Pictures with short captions

┌──

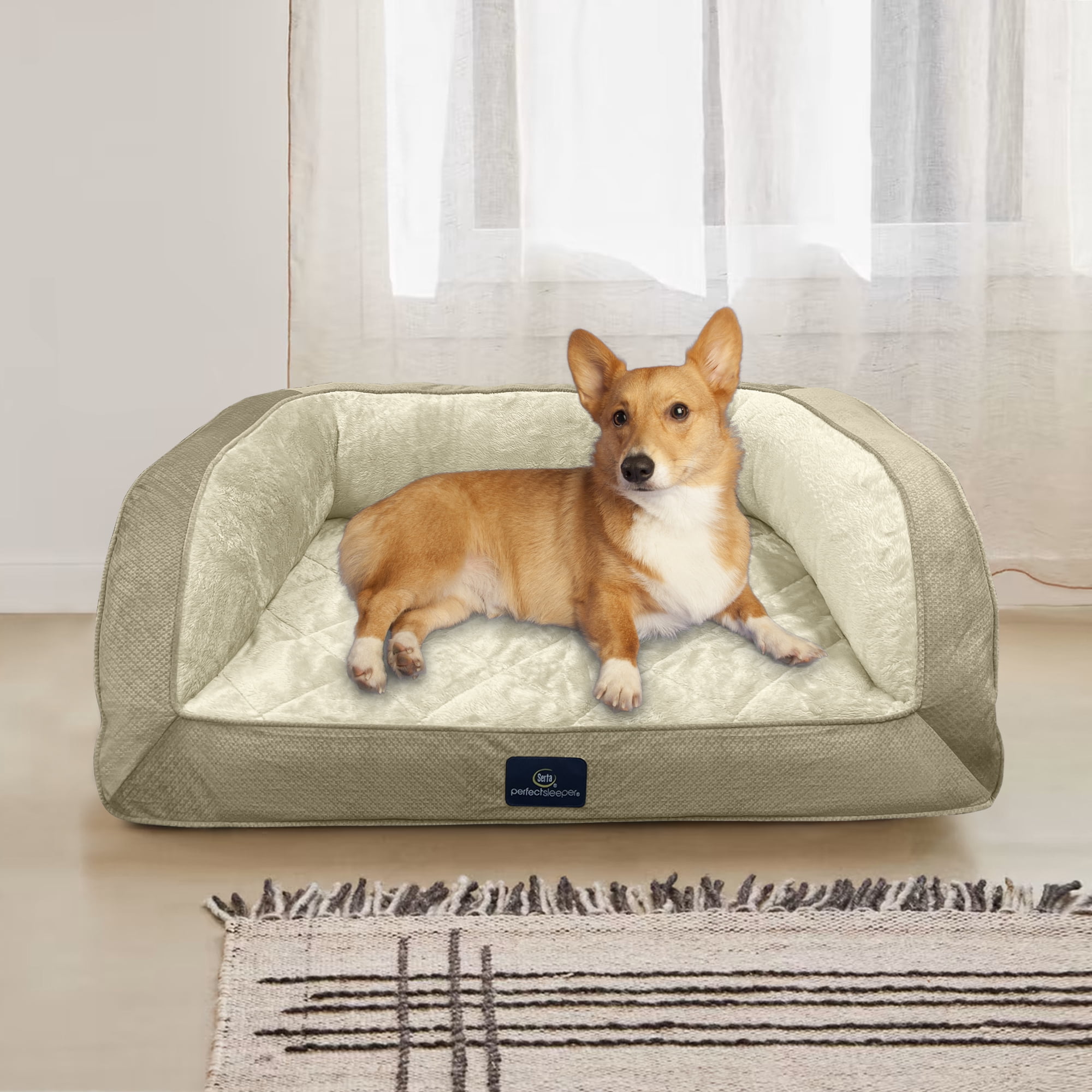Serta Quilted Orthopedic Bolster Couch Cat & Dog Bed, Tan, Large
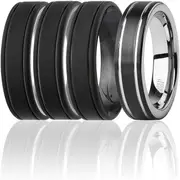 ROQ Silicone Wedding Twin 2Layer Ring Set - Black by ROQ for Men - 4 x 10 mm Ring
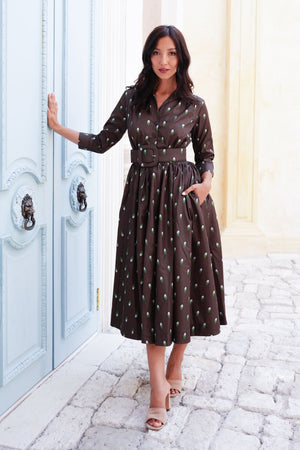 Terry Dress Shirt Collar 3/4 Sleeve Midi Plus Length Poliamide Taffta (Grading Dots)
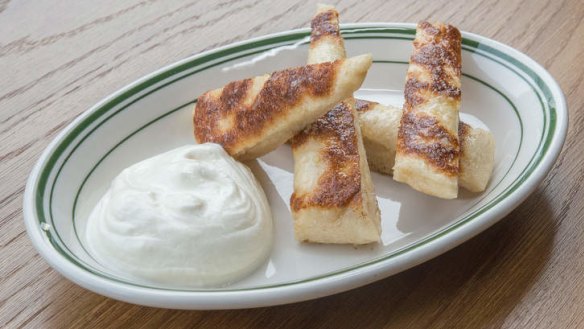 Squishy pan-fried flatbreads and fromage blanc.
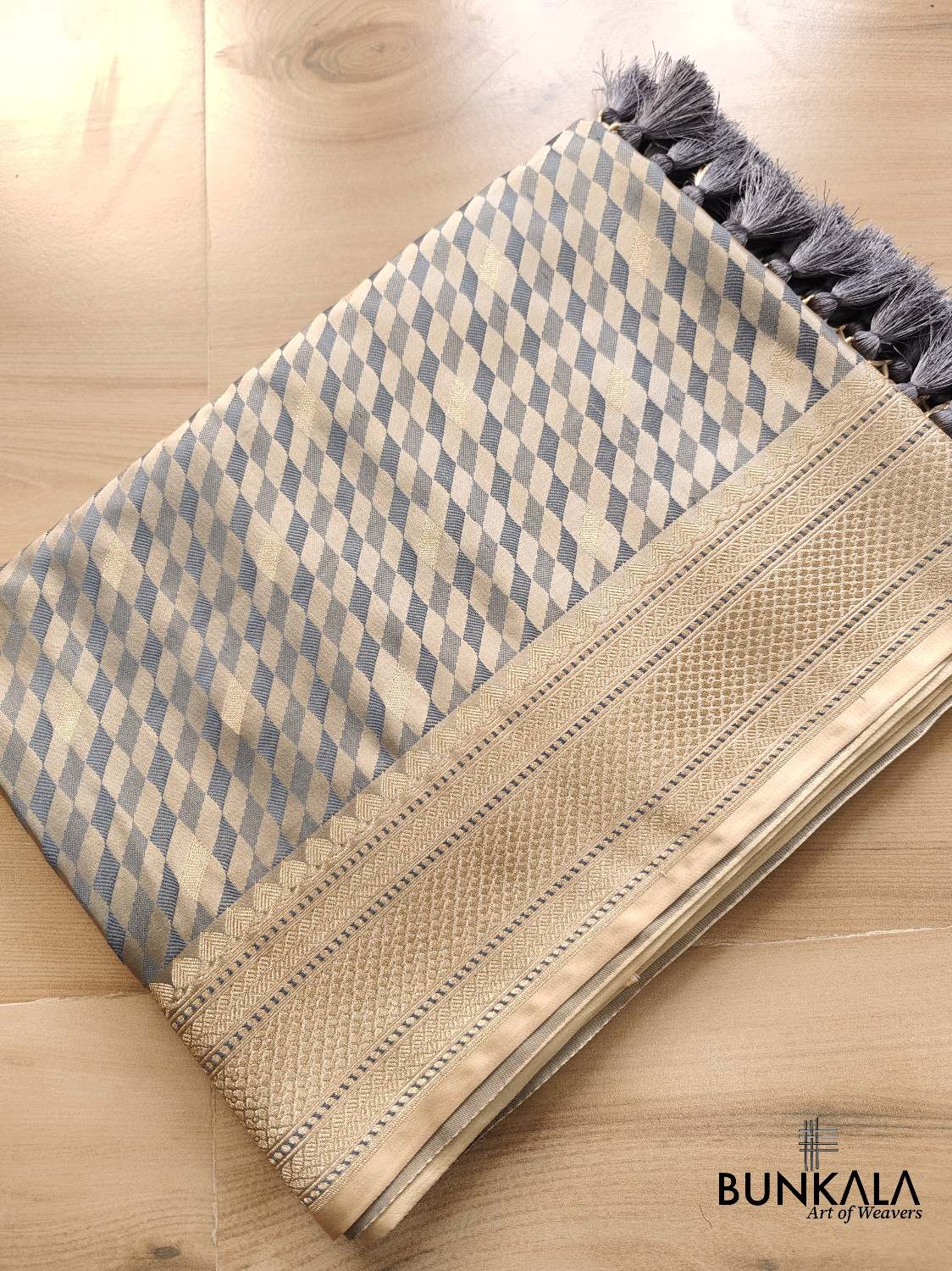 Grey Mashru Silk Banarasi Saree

└──

TASK DESCRIPTION
Please give the data again in full, exactly as written, but without any images.

FINAL ANSWER
Serta Quilted Orthopedic Bolster Couch Cat & Dog Bed, Tan, Large
 ROQ Silicone Wedding Twin 2Layer Ring Set - Black by ROQ for Men - 4 x 10 mm Ring
 Terry Dress Shirt Collar 3/4 Sleeve Midi Plus Length Poliamide Taffta (Grading Dots)
 Squishy pan-fried flatbreads and fromage blanc.
 Grey Mashru Silk Banarasi Saree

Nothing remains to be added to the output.